The most fundamental thing I have learned so far is the overall pipeline for understanding the modular components forming the way a compiler is typically constructed. It goes
- Lexical analyzer
- Syntax analyzer
- Semantic analyzer
- Intermediate code generator
- Machine-independent code optimizer (optional)
- Code generator
- Machine-dependent code optimizer (optional)
The input to the compiler pipeline is a “character stream” of the program.
However I don’t recall the book ever dealing with specifications of that
stream, except that it supports a generic getchar()
operation. I can
understand that if the entire source consists of one file, you just read
character-by-character from the file into the compiler. Maybe the language
designer decides how multiple-file projects are to be read by the compiler,
i.e. it is beyond the scope of this book; or maybe they’ll go more in-depth on
this later-on.
The Lexical Analyzer
The character stream is read into first component in the compilation pipeline:
the lexical analyzer, which maps the character stream into a “token”

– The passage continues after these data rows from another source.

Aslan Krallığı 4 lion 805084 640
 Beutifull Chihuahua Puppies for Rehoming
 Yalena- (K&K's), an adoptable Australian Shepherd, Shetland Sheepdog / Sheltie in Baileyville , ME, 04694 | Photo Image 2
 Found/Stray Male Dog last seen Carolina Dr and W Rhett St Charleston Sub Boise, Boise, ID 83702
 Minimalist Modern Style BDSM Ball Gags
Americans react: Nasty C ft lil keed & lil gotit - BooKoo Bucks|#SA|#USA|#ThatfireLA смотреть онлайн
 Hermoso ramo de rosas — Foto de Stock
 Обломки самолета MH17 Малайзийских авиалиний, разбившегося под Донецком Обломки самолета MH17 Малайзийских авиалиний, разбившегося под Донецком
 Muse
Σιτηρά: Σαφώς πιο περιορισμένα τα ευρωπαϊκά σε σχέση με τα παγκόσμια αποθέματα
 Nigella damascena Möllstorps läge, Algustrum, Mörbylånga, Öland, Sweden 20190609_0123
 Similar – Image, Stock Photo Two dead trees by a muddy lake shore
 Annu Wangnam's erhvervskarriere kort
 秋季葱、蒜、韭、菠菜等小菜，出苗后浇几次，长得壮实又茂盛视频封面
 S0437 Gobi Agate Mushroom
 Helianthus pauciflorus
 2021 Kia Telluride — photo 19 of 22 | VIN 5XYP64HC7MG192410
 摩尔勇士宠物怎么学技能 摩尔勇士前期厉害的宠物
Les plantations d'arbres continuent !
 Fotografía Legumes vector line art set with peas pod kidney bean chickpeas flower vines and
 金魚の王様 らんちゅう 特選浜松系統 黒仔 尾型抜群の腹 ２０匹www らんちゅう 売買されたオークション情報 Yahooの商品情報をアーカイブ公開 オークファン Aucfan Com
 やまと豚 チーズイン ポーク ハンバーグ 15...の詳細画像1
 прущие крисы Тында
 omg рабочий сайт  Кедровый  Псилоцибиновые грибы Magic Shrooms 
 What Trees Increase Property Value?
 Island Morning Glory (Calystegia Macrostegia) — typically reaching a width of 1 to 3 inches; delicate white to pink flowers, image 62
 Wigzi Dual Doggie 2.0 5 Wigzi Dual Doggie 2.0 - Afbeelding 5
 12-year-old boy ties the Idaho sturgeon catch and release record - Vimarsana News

stream. It seems like a token knows its tag, and its value. The
tag is basically the type of this token in the eyes of the compiler.
Possible tags in their example include NUM
, ID
, [keyword]
s, and I added
COMMENT
as part of an exercise. The value for a token might be the
literal value of a literal; or it might be the name of a variable. More about
that below.
Symbol Tables
In addition to creating the token stream, the lexical analyzer builds the symbol table. It seems to that the symbol table maps names to places in memory. A symbol table also ‘by default’ implements the language’s preferred form of block scoping. Upon entering a new scope, a new symbol table is created that points to its “parent”, the one it is nested inside of. If a variable is declared, it is added to the symbol table to this scope. Later, when a variable is referenced (i.e. init’d, read, or updated), we will consult the table for the current innermost scope. If the variable’s data is not found there, we will continue to check ancestors until we find it.